Sophie Schrago is an anthropologist (PhD) and documentary filmmaker who draws on her experience living in different cultural settings to tell stories at the intersection of religion, race, ethnicity and gender. Her body of work – rooted in the exploration of power and culture and bridging the fields of social justice and art – has received support from the Gotham Film and Media Institute, Union Docs, Eurodoc, France's National Center for Cinema (CNC) and La SCAM, the Swiss National Science Foundation, the Wenner-Gren Foundation, and the Logan Nonfiction Program among others.
After its premiere at the Arab Film Fest, her short documentary “Malcolm X and the Sudanese” (2020) screened at universities such as Brown, Bard, and Swathmore College and received a Global Muslim Impact Award Special Mention for Best Short Film with Muslim Subjects. Her first documentary feature as a producer, “A Thousand and One Berber Nights” had its world premiere at the New York African Film Festival in May 2024 and was broadcasted on Morocco's national television - 2M. In her upcoming documentary debut feature, Khatoon - one of India’s first woman Sharia judges - guides couples through conflict as she herself withstands pressures from her religion’s leadership.

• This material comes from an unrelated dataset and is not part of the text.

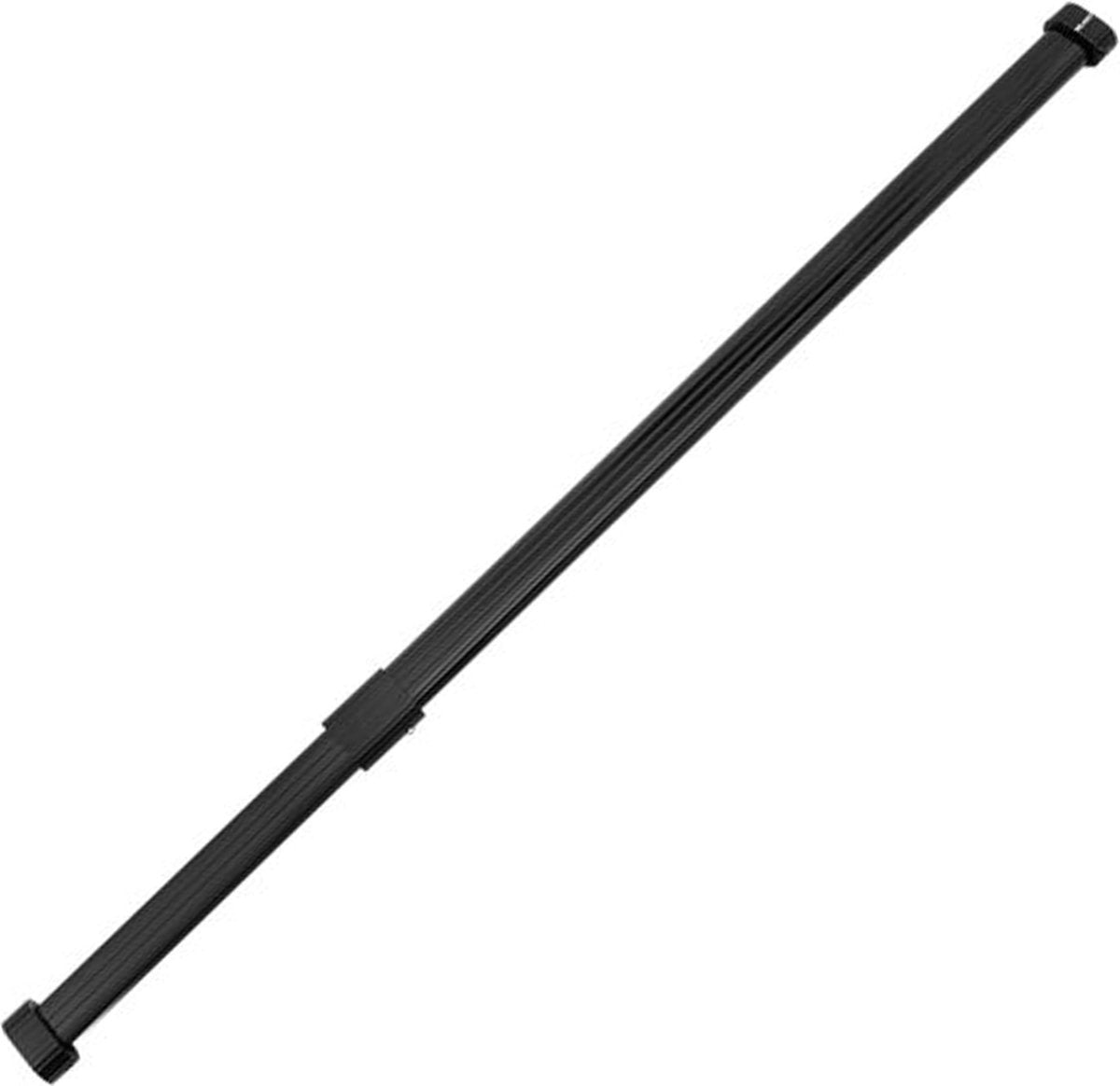 Milano Luxurious Clothes Rail Adjustable – 85 to 150 cm – Extendable Wardrobe Rail – Wardrobe Bar – Drill-Mount Clothes Rail – Sturdy Aluminium – Black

After stints at University of Lausanne (BA), and the Geneva Music Conservatory, she deepened her interests in gender, religion, postcolonial studies and visual anthropology at the Geneva Graduate Institute (MA, PhD), Columbia University (visiting fellowship) and at the University of Manchester (postdoctoral fellowship). Her research has appeared in Signs: Journal of Women in Culture and Society, Visual Anthropology Review, Journal des anthropologues, and Nouvelles questions féministes (co-founded by Simone de Beauvoir). She has programmed for the Geneva International Film Festival and Forum on Human Rights (FIFDH) and serves as an International Documentary Association Awards juror since 2020. She spent her childhood in Geneva and Barrackpoore, and lives in Harlem, New York.